Other than the look, the over hang shouldn't be a problem as long as your dresser is strong enough to hold the weight(I think it's about 12lbs/G). I've had my 75G on a coffee table, with it only over hanging on the back(which would put the weight slightly off balance and reduce the coffee table's weight capacity) and I haven't had any problems in the few years it's been there.


----------



## Damon (Jan 18, 2005)

It should work but I wouldn't do it. Off balanced tanks put undue stress on the joints. It may work for years. It may also break in 2-3 days. Stands are not cheap either but You should be able to find a "fake" wood stand for under 75 dollars. Stay away from iron wrought stands as they can mess up your floor and they don't distribute the weight evenly.


----------



## mr.dark-saint (Aug 16, 2005)

If the tank over hangs over the stand you have a risk of cracking the tank. Cheap fix is placing a plywood board inbetween the tank and the stand however, it all depends on the dresser. Just remember a 29 gallon tank will have to hold up 8.5 pounds per gallon 250-260 pounds. If you're sure the "dresser" can handle that weight I'd use 3/4" - 1" plyboard not those MDF/Partical board (if it gets wet it'll crap out on you quick) unless you seal it first.


----------



## Meeocky (Sep 7, 2005)

Yeah, I don't want to chance it. I'm going to look for a not so costly wooden stand. And thanks for the tip on iron stands. I didn't trust them. hehe

Can anyone please help me out with some links to wooden stands for a 29gal and 55gal?


----------



## Damon (Jan 18, 2005)

They are cheaper to buy locally as shipping heavy items can cost as much if not more than the item itself.


----------



## sonofbreeder (Jul 17, 2005)

i say just build 1 it isn't that hard my dad built all kinds of them for his fish room just remember double check ur numbers each time u cut


----------



## Meeocky (Sep 7, 2005)

sonofbreeder said:


> i say just build 1 it isn't that hard my dad built all kinds of them for his fish room just remember double check ur numbers each time u cut


Yeah, I found this link this morning ( http://www.arbreptiles.com/cages/75g_stand/index.shtml )and I decided I'm going to use this as a go by. I'll just adjust the numbers to my tank's measurements and whatnot. I'm even thinking about paying the $60 more and get the 55gal instead of the 29gal.

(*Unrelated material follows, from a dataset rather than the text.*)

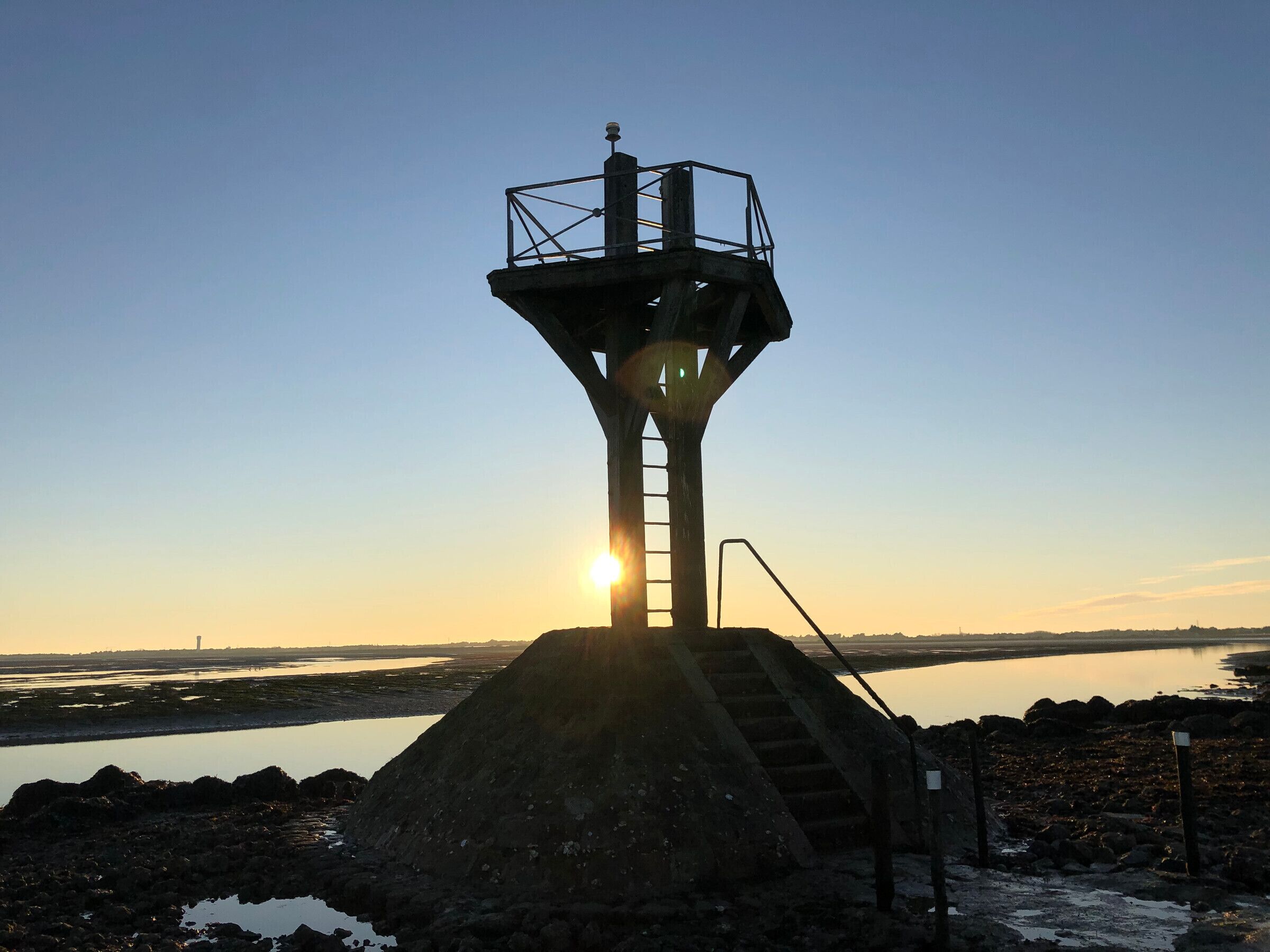 A tower structure with a ladder leading up to a platform, surrounded by a rocky landscape and a body of water.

Thanks for the help y'all. :mrgreen:


----------



## Meeocky (Sep 7, 2005)

I stopped my Wal-Mart on my way home from work and I saw they sell a black cabinet stand and a top for the 55gal for like $70. Do anyone have this stand? is it any good?


----------



## Sly Guy (Feb 15, 2005)

I have one and i like it alright plenty of room underneath and easy to assemble and pretty solid


----------



## Meeocky (Sep 7, 2005)

Now I can't decide what stand to do...
(a) Buy the stand and top from Wal-Mart for $70
(b) Build my own (stand only) for like $40 in lumber (much heavier)

Which would you choose?


----------



## Fishfirst (Jan 24, 2005)

the real question is how much is your time worth? Making a stand that actually looks good in your own mind may take some time. If its worth the 30 bucks saved by all means build your own stand!


----------



## Damon (Jan 18, 2005)

Also another thing to remember. Those stands are not made of wood (Pine, Oak etc...). They are made from either or a combination of MDF and plywood. They are very strong but if they hold water on their surface for a period of time, they will weaken dramatically so be sure to either keep it dry or finish it with another coat of stain.


----------



## Sly Guy (Feb 15, 2005)

the top on mine is actually better than u would think it has like a powder coat on it and is very durable
but i have to agree if the 30 bucks is worth it to u then build your own just dont forget to price paint, stain, hinges for your doors if u so choose and exc. i thought of building my own but opted for the quicker way out


----------



## fish_doc (Jan 31, 2005)

It also depends on your woodworking skills. LOL It could be strong enough to park a truck on but look like a truck hit it. 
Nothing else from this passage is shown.